In the repeated-dose 13-week oral toxicity study, SD rats were orally
gavaged with Meratrim at 0, 250, 500 or 1000 mg/kg/day. No morbidity,
mortality, or significant adverse events were observed either during the
course of the study or on the 13th week. The NOAEL of Meratrim was
concluded to be 1000 mg/kg of body weight/day in male and female SD
rats. These results, combined with the tolerability of Meratrim in the
human clinical trials, demonstrate the broad spectrum safety of
Meratrim.
Keywords
- Meratrim;
- Acute oral and dermal toxicity;
- Primary skin and eye irritation;
- Ames' bacterial reverse mutation assay;
- Mammalian erythrocyte micronucleus test;
- Repeated dose 13-week oral toxicity study
1. Introduction
Obesity
has grown into a worldwide epidemic in recent years. Accumulating
evidence indicates that obesity is a risk factor for other diseases such
as type 2 diabetes, cardiovascular diseases and certain cancers
including colon cancer and breast cancer (Haslam, James, 2005 and Shaw et al, 2005). In fact, it is estimated that obesity may reduce life expectancy by 7 years at age 40 (Peeters et al., 2003).
Accordingly, the global socioeconomic burden for obesity and its
related disorders is tremendous and is expected to continue increasing.
In two clinical trials an herbal formulation (Meratrim) has been proven to be effective in weight management (Stern et al, 2013a and Stern et al, 2013b). Meratrim is a blend of extracts from the flower heads of Sphaeranthus indicus (S. indicus) and the fruit rinds of Garcinia mangostana (G. mangostana). The final formulation is standardized to contain at least 3% 7-hydroxyfrullanolide and 2% α-mangostin ( Stern et al., 2013b).
S. indicus,
a member of the aster and daisy family (Asteraceae), is widely used in
Ayurvedic system of medicine to treat various ailments including
diabetes, epilepsy, hepatopathy, and many others ( Galani et al., 2010).
A variety of secondary plant metabolites including sesquiterpenoids,
eudesmenolides, flavonoids, glycosides and essential oils have been
isolated from S. indicus ( Galani et al, 2010 and Ramachandran, 2013). G. mangostana,
commonly known as mangosteen, belongs to the family of Clusiaceae. The
trees are cultivated in the tropical rainforests of Southeast Asia ( Pedraza-Chaverri et al., 2008).
The pericarp (rind) of mangosteen-fruit is used as an Ayurvedic
medicine to treat inflammation, diarrhea, cholera and dysentery ( Al-Massarani et al, 2013, Balunas et al, 2008, Chen et al, 2008, Ee et al, 2006, Gopalakrishnan et al, 1980 and Obolskiy et al, 2009). Preclinical studies suggest that mangosteen pericarp extracts possess a wide range of biological activities ( Al-Massarani et al, 2013, Balunas et al, 2008, Chen et al, 2008, Ee et al, 2006, Gopalakrishnan et al, 1980, Kosem et al, 2013, Obolskiy et al, 2009, Pedraza-Chaverri et al, 2008, Sundaram et al, 1983, Tewtrakul et al, 2009 and Yoshikawa et al, 1994).

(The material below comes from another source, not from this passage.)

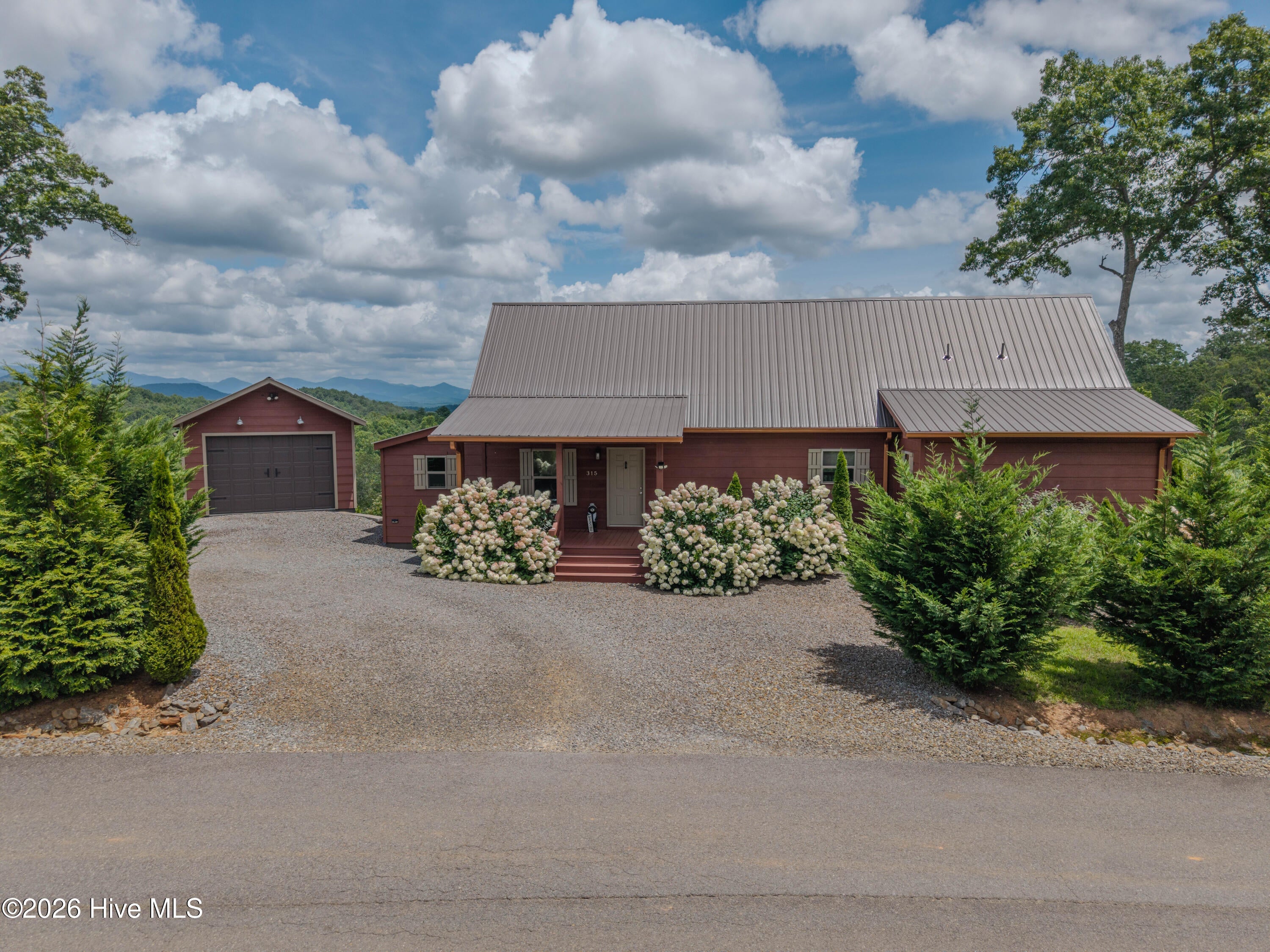 315 Paw Paw Trail - Photo 2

The objective of the present studies was to determine the safety profile of Meratrim by conducting a battery of in vitro and in vivo toxicity tests including a 13-week sub-chronic oral toxicity study.
2. Materials and methods
2.1. Test substance
Meratrim is an herbal blend containing the extracts of the flower heads of S. indicus and the fruit rinds of G. mangostana. Briefly, S. indicus
flower heads were pulverized and extracted with 6 volumes of methanol,
and then concentrated under vacuum followed by further extraction using
ethyl acetate. The resultant product from S. indicus extraction was a thick paste. Separately, G. mangostana fruit rinds were pulverized and extracted with 6 volumes of 80:20 ratio of methanol to water. The G. mangostana extract thus obtained was concentrated, washed with water, and then dried. The resulting flakes were then milled. The S. indicus paste and G. mangostana
powder extract prepared above were blended together in a 3:1 extract
ratio along with approximately 55% excipients to obtain Meratrim. The S. indicus extract contains a minimum of 12% 7-hydroxyfrullanolide while the G. mangostana
extract contains a minimum of 18% α-mangostin prior to blending to
ensure that the final blend contains at least 3% 7-hydroxyfrullanolide
and 2% α-mangostin ( Stern et al., 2013b).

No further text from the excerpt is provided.